Au-delà des raisons évoquées ci-dessous par Sigfox, justifiant la procédure de redressement judiciaire, beaucoup d'acteurs regrettent de "mauvais choix stratégiques". Les problèmes de management avaient déjà été mis en avant lors du départ du CEO de Sigfox, Ludovic le Moan, il y a un an (lire notre article 2021, un nouveau tournant dans l'histoire de Sigfox). Vincent Bulot cite pour sa part le manque de commerciaux : "Vu de l'extérieur, il n'y avait pas d'équipe opérationnelle sur le terrain pour conquérir davantage de part de marché." 

"Nous ne pouvons pas conseiller aux nouveaux clients de parier sur la technologie"

Le risque pour les clients est que le réseau s'arrête si aucun repreneur ne se manifeste dans les six mois. Une situation qui s'avèrerait catastrophique pour les millions de capteurs et compteurs communicants équipés, qui seraient alors inopérants. "Nous gardons espoir mais, ces six prochains mois, nous ne pouvons pas conseiller aux nouveaux clients de parier sur la technologie", regrette Yannis Cottard, PDG du fabricant Altyor. Pour la création de son bijou connecté, la fondatrice de MyEli avait de son côté déjà été mise en garde contre l'usage du réseau Sigfox.

"Les projets au stade du passage à l'échelle risquent pour leur part de rester à l'état de POC, le temps de valider le choix d'une connectivité de substitution. Ce qui ajouterait au mieux des semaines  de travail supplémentaires, et au pire de la reconception de produit", analyse Philippe Grange, fondateur du think tank GR-IoT et de l'étude Révélation IoT 360, qui met en avant la multi-connectivité pour offrir un surcroit de couverture en cas de défaillance d'un opérateur.

"Nous sommes confiants dans le fait qu'il y aura un repreneur"
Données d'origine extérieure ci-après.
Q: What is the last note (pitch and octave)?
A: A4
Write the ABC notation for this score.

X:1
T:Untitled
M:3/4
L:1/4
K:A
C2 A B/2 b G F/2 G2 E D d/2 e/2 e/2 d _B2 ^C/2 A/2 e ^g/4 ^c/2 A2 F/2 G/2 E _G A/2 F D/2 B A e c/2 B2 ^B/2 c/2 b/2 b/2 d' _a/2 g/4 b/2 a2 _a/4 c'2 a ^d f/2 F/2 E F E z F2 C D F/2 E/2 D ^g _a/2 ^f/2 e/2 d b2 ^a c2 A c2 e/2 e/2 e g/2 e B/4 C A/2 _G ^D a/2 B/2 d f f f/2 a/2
Si les acteurs contactés s'interrogent sur ce qui va se passer, tous restent optimistes. "Nous sommes confiants dans le fait qu'il y aura un repreneur", assure Yannis Cottard. "Des solutions vont sans doute être mises en œuvre par Sigfox et ses partenaires pour éviter tout désagréments aux clients. Le marché de l'IoT reste prometteur", conclut Philippe Grange. 
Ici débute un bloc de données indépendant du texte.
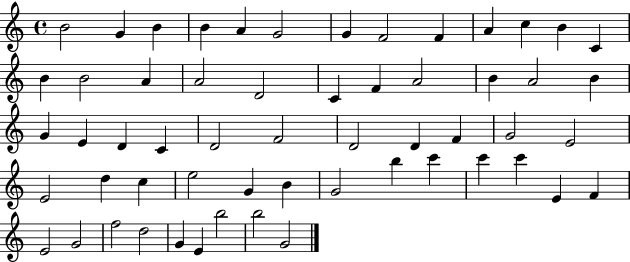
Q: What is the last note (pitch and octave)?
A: G4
Rappel des faits : A la demande de son directeur général, Sigfox et sa filiale Sigfox France, opérateur du réseau IoT en France, sont placés en redressement judiciaire. Le tribunal de commerce de Toulouse a ouvert ce mercredi 26 janvier une procédure. Une période d'observation de six mois doit permettre d'identifier, grâce à la mise en œuvre d'un plan de cession, de nouveaux acquéreurs ayant la capacité d'œuvrer pour le développement à long-terme de Sigfox et de proposer un maintien des emplois. 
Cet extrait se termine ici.